Modi di dire napoletani: che significa “Tien’ l’arteteca”?

Modi di dire napoletani: che significa “Tien’ l’arteteca”?

di Annina D'Ambrosio

Il dialetto napoletano è ricco di parole e modi di dire particolari. Alcuni sono in uso ancora oggi, altri sono andati persi con il tempo. Ma conoscere la cultura della lingua napoletana e le sue origini è una cosa davvero interessante.
In questo articolo trattiamo un termine piuttosto famoso: “arteteca“.
La parola arteteca, tradotta, sta per agitazione, irrequietezza.
Dire ad una persona “tien’ l’arteteca?” (“hai l’arteteca?“) significa dirle che non sta mai ferma, che i suoi movimenti sono agitati e continui. Indica una vivacità eccessiva ed è, dunque, spesso usato con un’accezione negativa. E’, infatti, un termine usato anche in relazione alla schizofrenia, insomma per definire una persona troppo attiva.

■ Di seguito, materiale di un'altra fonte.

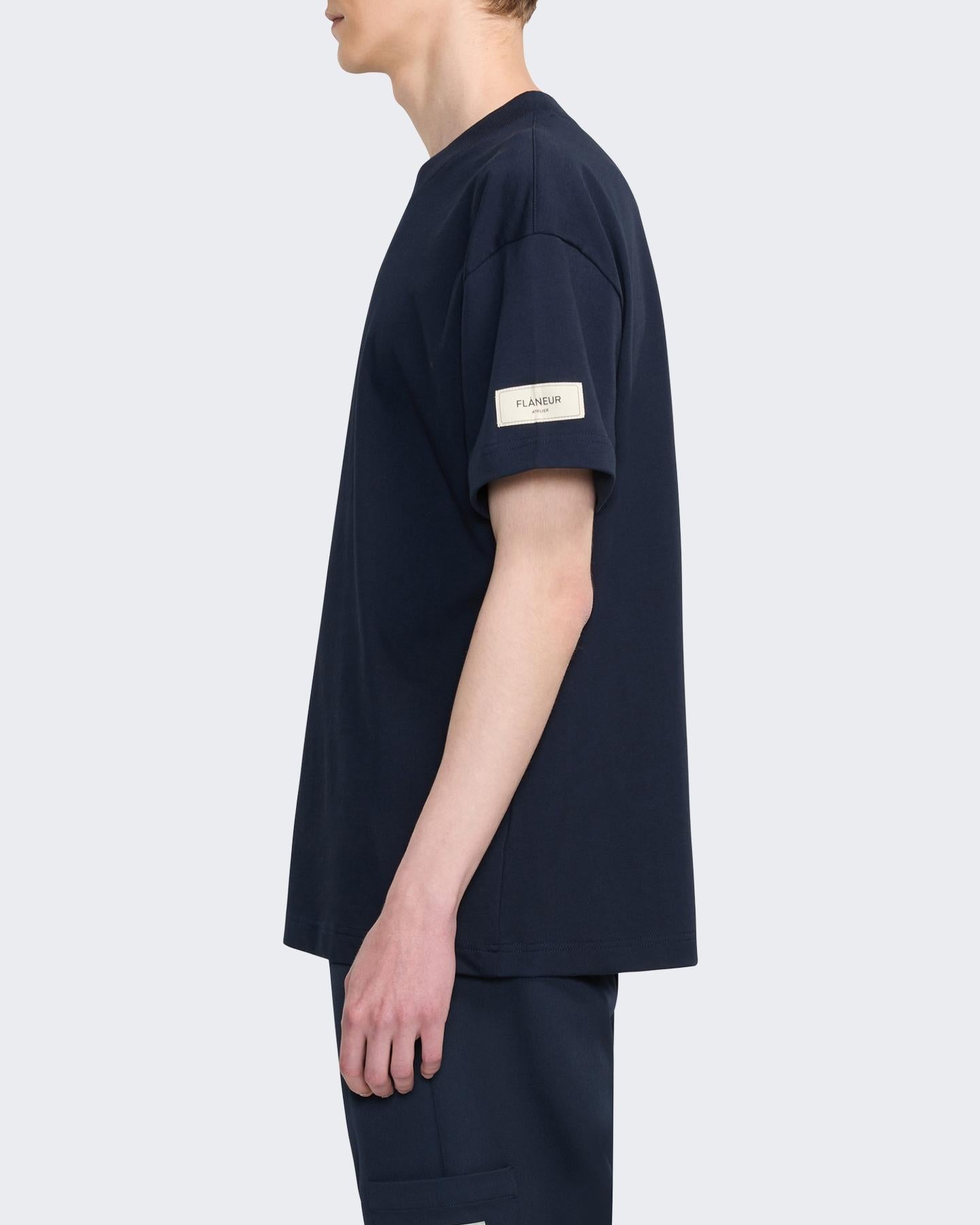 Heren Atelier T-Shirt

Nello specifico, arteteca deriva dal termine del tardo latino “arthritica” che può collegarsi alla “febbre reumatica”, artritica, una malattia molto diffusa, in particolare tra i più piccoli, fino alla fine della Seconda Guerra Mondiale e che ,oggi, è molto diminuita grazie all’uso degli antibiotici.

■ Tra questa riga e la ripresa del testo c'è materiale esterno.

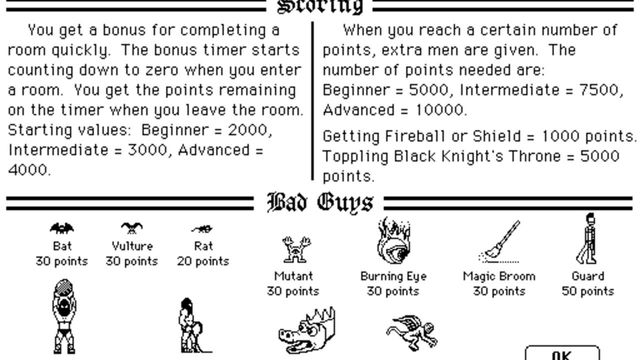 Dark Castle 3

La patologia colpisce soprattutto le articolazioni, infatti uno dei suoi sintomi più evidenti è la cosiddetta “còrea minor” (ballo di San Vito), ossia il fatto che porta il malato a compiere movimenti involontari, veloci, a scatti, ripetitivi, irregolari e scoordinati. Dunque, si tratta di un tipico modo di dire napoletano che indica una persona che non si riposa mai poiché sempre in attività, quindi c’è riferimento all’irrequietezza.

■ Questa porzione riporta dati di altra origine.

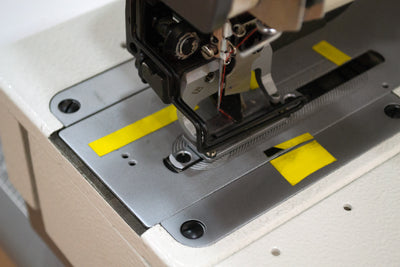 Ojaleadora electrónica programable MAQI LS-T1790E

Sembrerebbe anche che il termine arteteca sia legato ad “arthritis” che, a sua volta, proviene da “arthron” cioè “articolo”, “giuntura”. Questa parola è traducibile con “artrite”, una malattia che provoca un movimento convulso delle membra e che i latini chiamavano anche, più semplicemente, “gutta”, cioè “goccia”, in quanto credevano che il dolore fosse prodotto da un umore che colava goccia a goccia nella cavità delle articolazioni.

Con il passare del tempo, però, il termine si è distaccato dal suo stretto significato originario ed è tutt’oggi usato per indicare perlopiù una persona perennemente in movimento; per questo, ad esempio, di un bambino particolarmente vivace si usa dire “stu criatur’ tene l’arteteca” (questo bambino ha l’arteteca = questo bambino non sta mai fermo).